- [AVAILABLE DATA]
==*==

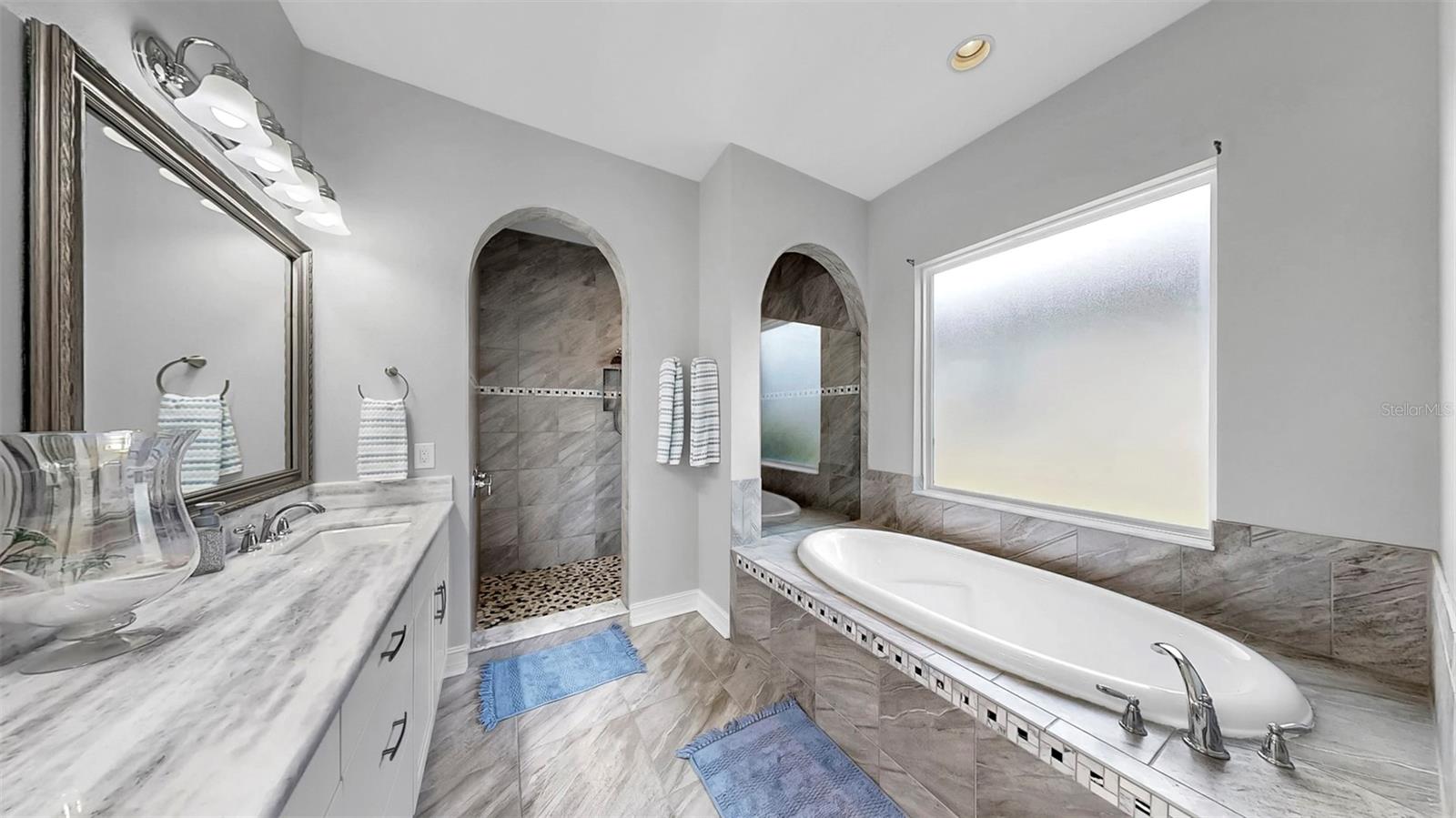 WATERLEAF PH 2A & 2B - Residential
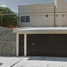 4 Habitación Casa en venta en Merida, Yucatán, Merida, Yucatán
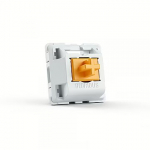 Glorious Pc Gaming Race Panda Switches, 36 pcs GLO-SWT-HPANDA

==*==

- [WHAT YOU NEED TO DO] Starting at the line with "4 Habitación Casa", output each line through the final one of the listing above, and nothing else. Pictures are to be left out.

- [REPLY TO THE EXERCISE]
 4 Habitación Casa en venta en Merida, Yucatán, Merida, Yucatán
 Glorious Pc Gaming Race Panda Switches, 36 pcs GLO-SWT-HPANDA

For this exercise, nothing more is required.